Europa is overigens al wat langer aan het kijken om zich te versterken tegenover andere grootmachten, vult Bert Colijn, senior-econoom eurozone bij ING, aan. 

Is dit alleen tegen China gericht?

Je hoeft niet per se alleen aan China te denken bij deze maatregel, aldus Colijn. Je kunt ook denken aan de VS. Zaken als de handelsoorlog hebben geleid tot onzekerheid in de wereldwijde handelsrelatie, zegt hij. 

Schulte Nordholt is stellig: "Zeker moet je hierbij aan China denken. Dat land is heel actief geweest met overnames, vaak met steun van de overheid en van die oneerlijke concurrentie heeft de EU een beetje de buik vol, temeer omdat omgekeerd Europese bedrijven niet in zogenaamde 'strategische' sectoren in China kunnen investeren."

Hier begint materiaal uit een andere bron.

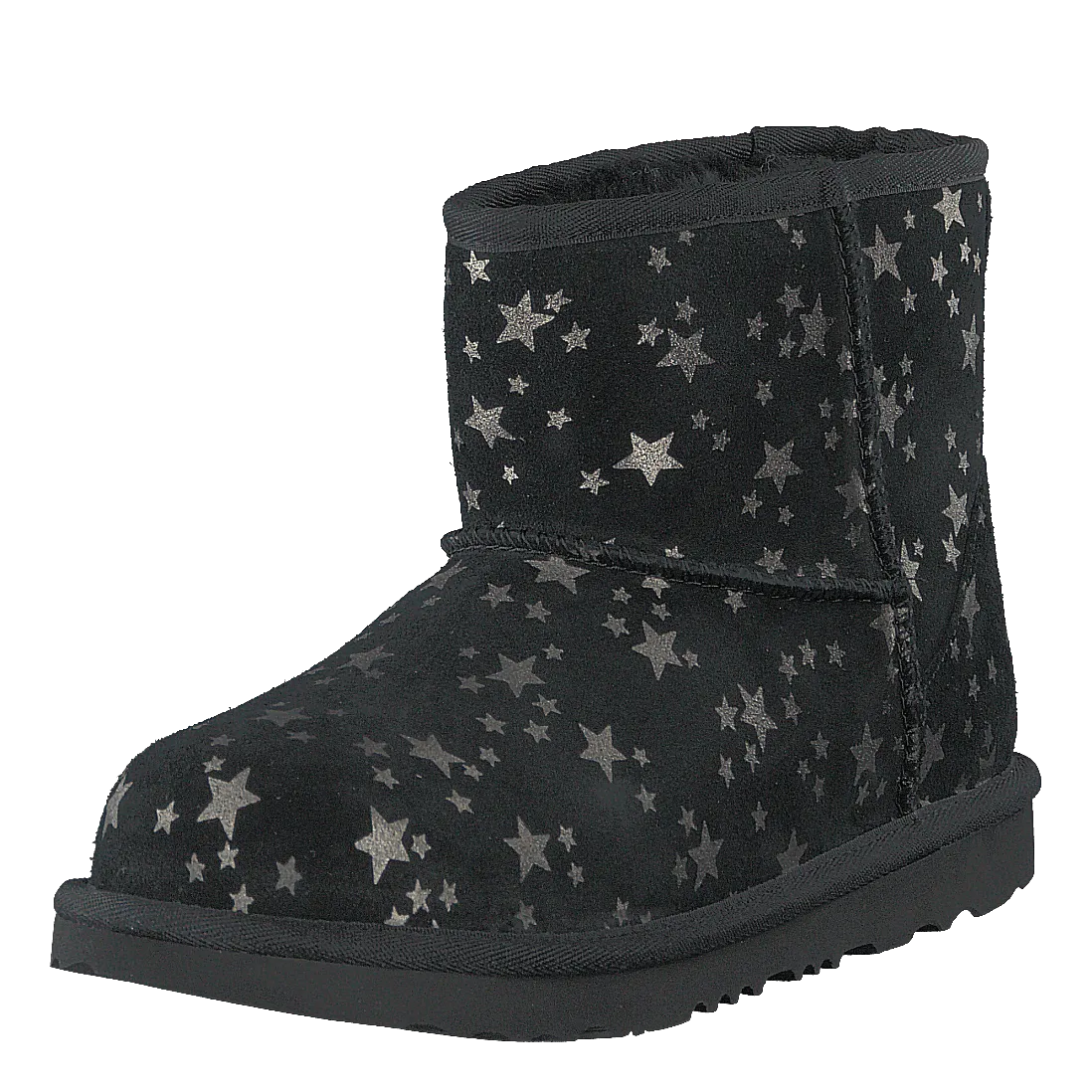 Classic Mini Ii Stars Black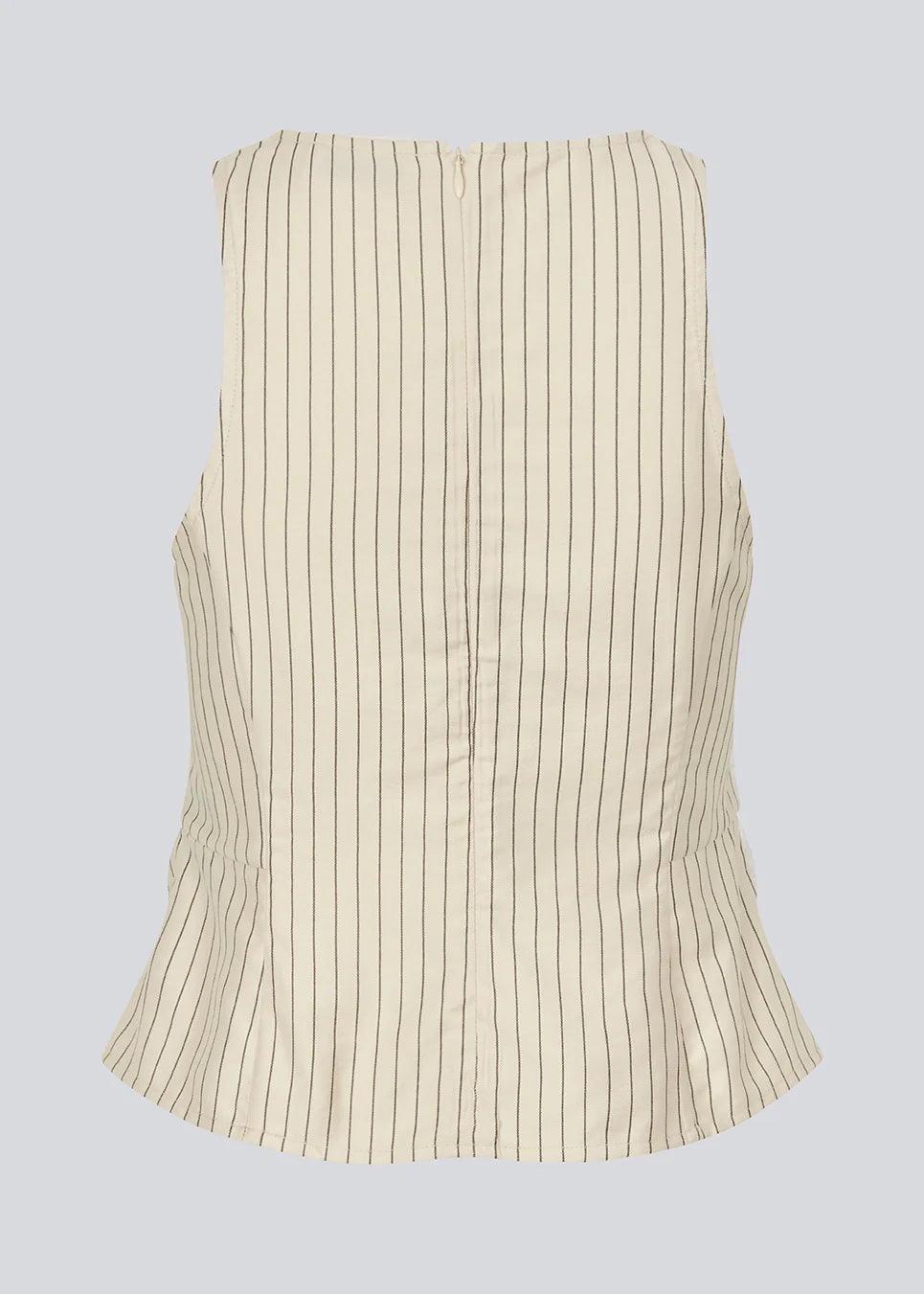 MODSTRÖM - ISABEL TOP - SUMMER SAND PINSTRIPE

Hij legt uit dat de EU China ziet als partner, maar ook als concurrent én als systeemrivaal. De overheid in het land gaat immers heel anders om met burgers en het is ons ideologisch niet goed gezind. Wij zijn immers een democratie en een openmarkteconomie, China, daarentegen, is een éénpartijstaat en het is vastbesloten dat te blijven, ook door de economie steeds verder te versterken.